8/25 - 15 oz. pole beans, 17 oz. cucumbers, 14 oz. strawberries.

8/25 - 194 oz. tomatoes.

8/26 - 12 oz. green peppers.

8/26 -13 oz. pole beans, 8 oz. cucumbers, 26 oz. summer squash, 27 oz. tomatoes.

8/27 - 27 oz. tomatoes (no photo)

8/28 - 13 oz. lettuce, 60 oz, summer squash, 72 oz. butternut squash, 94 oz. tomatoes.

Harvest Totals August 22-28

Beans, pole - 2.69 pounds
Cucumbers - 2.06 pounds
Lettuce - 13 oz.
Peppers, sweet - 12 oz.
Squash, summer - 6.69 lb.
Squash, winter - 4.50 lb.
Strawberries - 1.56 pounds
Tomatoes - 26.94 pounds

Total harvest for the week: - 46 pounds
Total harvest for the year to date: - 350.25 pounds pounds
There should have been more. I didn't get everything picked on Sunday, so there are still strawberries and pole beans that should have been harvested.

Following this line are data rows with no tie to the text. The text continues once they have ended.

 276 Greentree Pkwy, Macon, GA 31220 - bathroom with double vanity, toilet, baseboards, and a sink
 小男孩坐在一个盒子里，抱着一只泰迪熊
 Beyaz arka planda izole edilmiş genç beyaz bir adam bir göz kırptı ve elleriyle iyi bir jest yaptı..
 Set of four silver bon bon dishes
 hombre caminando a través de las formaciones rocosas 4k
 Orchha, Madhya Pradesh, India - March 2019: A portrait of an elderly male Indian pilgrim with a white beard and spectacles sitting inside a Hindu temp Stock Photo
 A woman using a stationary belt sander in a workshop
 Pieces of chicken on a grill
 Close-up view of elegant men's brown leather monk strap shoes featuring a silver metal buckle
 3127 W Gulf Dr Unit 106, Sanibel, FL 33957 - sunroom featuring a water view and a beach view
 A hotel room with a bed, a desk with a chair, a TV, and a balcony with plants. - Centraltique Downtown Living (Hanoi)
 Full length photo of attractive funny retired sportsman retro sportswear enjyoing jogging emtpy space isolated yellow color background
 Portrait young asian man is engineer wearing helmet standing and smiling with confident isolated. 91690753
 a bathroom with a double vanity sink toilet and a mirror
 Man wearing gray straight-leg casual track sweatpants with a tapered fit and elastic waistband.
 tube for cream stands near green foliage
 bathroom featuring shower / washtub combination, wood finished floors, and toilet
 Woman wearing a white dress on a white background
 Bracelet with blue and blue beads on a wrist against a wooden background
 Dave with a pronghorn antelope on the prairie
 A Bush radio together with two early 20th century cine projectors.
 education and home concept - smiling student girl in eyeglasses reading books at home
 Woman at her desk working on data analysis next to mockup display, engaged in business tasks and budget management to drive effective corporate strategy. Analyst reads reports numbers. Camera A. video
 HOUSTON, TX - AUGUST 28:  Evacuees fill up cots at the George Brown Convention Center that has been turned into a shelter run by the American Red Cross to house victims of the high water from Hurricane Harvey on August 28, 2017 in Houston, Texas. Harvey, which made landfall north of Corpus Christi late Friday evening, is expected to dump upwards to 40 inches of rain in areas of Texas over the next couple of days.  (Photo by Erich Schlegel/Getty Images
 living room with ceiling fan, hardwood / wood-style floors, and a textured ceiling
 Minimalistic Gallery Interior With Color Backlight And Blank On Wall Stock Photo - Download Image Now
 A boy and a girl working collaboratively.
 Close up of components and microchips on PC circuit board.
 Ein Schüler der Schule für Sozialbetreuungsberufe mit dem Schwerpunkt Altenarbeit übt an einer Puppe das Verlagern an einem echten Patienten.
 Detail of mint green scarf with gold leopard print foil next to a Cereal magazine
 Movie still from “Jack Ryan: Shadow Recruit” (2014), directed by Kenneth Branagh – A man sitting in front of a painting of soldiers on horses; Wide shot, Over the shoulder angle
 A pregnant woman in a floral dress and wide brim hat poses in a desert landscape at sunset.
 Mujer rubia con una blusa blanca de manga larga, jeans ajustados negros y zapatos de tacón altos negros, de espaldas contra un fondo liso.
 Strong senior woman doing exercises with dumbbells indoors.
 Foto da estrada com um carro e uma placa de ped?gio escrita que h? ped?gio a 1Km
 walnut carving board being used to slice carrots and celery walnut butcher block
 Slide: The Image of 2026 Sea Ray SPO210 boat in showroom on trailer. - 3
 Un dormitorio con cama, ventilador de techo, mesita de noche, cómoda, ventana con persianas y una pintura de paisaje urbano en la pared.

Please join in the Harvest Monday at Daphne's Dandelions!


Too much of a Good Thing

The pattypan squash plant grew....and grew, and grew. It grew over the fence and into the tomatoes. It grew into the raised bed and smothered the spinach. It grew over the butternut squash plants and almost killed them.

It grows no more. The pattypans were good, but the butternuts are better. I had to make a choice, and the winter squash won. This is just one vine! Yes, one plant. It would be nice if I had an acreage, but it was too much for my small space. When it had been removed, I discovered two ripe butternut squash that had been completely hidden by this foliage.

Now the butternuts have room to grow.

August 28, 2011 - Tomato Mania!

I took time out from setting up the new laptop to attend a tomato tasting at our nearby Mac's Nursery this afternoon.

We were given a pen and a sheet of paper that named the 77 varieties that were set out for tasting.

I started at the first long table, with romas and cherry tomatoes at the start. About half way down the full sized tomatoes began. I first tasted them without salt, but it didn't take long before I opened one of the provided salt packets.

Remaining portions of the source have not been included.